Un parcours semé d’embûches
Il s’en était pourtant fallu de peu que les Maritimes ne participent pas à la compétition. Mais un vieux match de barrage de derrière les fagots remporté à Rennes, après un premier tournoi qualificatif à quatre mal négocié, leur a permis de rejoindre la région parisienne, avec le succès que l’on sait. « Clairement, l’objectif était d’aller en finale », ne cache pas Jules Hivin, qui a grandi sur le parquet du Palais des sports d’Agde dans les pattes de son père Yannick et qui boucle sa troisième saison au club. « Ce dernier match s’est clairement joué sur des petits détails. Il y avait pas mal de stress, de fatigue aussi, au bout de trois jours de tournoi. Mais on l’a fait. »

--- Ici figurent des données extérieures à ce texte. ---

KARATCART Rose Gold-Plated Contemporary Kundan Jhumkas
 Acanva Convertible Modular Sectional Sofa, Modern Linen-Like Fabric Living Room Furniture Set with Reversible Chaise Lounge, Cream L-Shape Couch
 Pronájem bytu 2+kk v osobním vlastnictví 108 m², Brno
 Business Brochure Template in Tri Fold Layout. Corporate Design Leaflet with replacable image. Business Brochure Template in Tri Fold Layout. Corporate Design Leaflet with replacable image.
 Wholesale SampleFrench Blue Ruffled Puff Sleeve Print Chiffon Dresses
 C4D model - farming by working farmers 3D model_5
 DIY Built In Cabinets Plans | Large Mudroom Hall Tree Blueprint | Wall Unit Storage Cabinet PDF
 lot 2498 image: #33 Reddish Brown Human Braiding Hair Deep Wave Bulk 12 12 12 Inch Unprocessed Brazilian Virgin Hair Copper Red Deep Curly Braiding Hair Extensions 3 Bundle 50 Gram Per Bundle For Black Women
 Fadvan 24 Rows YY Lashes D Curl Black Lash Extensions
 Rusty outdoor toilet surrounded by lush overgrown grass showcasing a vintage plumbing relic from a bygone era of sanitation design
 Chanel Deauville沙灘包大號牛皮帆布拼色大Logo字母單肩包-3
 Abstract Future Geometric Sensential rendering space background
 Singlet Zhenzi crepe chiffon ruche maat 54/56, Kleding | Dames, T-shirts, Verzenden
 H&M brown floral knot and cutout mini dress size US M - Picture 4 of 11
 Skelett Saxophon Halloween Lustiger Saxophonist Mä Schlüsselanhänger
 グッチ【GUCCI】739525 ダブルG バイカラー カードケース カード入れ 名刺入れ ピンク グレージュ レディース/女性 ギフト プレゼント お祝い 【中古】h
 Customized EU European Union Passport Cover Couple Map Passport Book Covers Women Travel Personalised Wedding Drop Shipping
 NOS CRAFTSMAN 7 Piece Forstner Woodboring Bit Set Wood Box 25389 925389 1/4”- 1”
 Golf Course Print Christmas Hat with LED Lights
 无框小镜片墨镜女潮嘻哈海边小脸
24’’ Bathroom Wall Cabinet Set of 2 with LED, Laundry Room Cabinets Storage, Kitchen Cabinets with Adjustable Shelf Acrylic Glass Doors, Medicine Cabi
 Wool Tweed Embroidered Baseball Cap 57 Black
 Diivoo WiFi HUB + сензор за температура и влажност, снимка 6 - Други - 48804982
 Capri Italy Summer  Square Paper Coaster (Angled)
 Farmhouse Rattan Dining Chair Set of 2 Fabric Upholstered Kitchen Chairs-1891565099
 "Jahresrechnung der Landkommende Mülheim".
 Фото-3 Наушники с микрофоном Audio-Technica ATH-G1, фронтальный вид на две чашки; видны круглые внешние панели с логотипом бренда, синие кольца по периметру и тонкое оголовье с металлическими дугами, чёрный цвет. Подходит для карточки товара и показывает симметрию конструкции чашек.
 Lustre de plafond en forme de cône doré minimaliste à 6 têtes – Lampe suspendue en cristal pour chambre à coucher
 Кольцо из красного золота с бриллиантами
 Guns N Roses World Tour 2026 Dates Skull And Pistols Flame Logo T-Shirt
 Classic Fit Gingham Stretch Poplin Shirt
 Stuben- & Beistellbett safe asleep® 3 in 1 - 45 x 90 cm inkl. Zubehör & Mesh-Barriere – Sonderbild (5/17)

Le rôle majeur du kiné Benjamin Verstraet
Si l’œuvre est évidemment collective, des joueurs au staff, tout le monde met en avant le rôle capital joué par le kiné Benjamin Verstraet. « Il a effectué un énorme boulot avec les joueurs après chaque match, parfois jusqu’à 2, 3 heures du matin, afin qu’ils soient sur pied le lendemain », apprécie l’entraîneur Steed Tchicamboud, qui sait l’impact de trois matchs à disputer en autant de jours sur les organismes de joueurs amateurs.
Des festivités repoussées et une ambition intacte
La suite ? « On devrait se retrouver en fin de semaine pour fêter ça », lance Jules Hivin avant une trêve bienvenue, tant les organismes et le mental des joueurs auront été mis à rude épreuve depuis des mois. De son côté, l’entraîneur Steed Tchicamboud, qui va rester au club, prévient d’ores et déjà ses gars : « je suis heureux de ce titre bien sûr, mais ma joie reste mesurée car je ne veux pas m’arrêter là avec cette équipe. » Une ambition largement partagée dans un club qui commence sérieusement à faire parler de lui. À Agde et au-delà.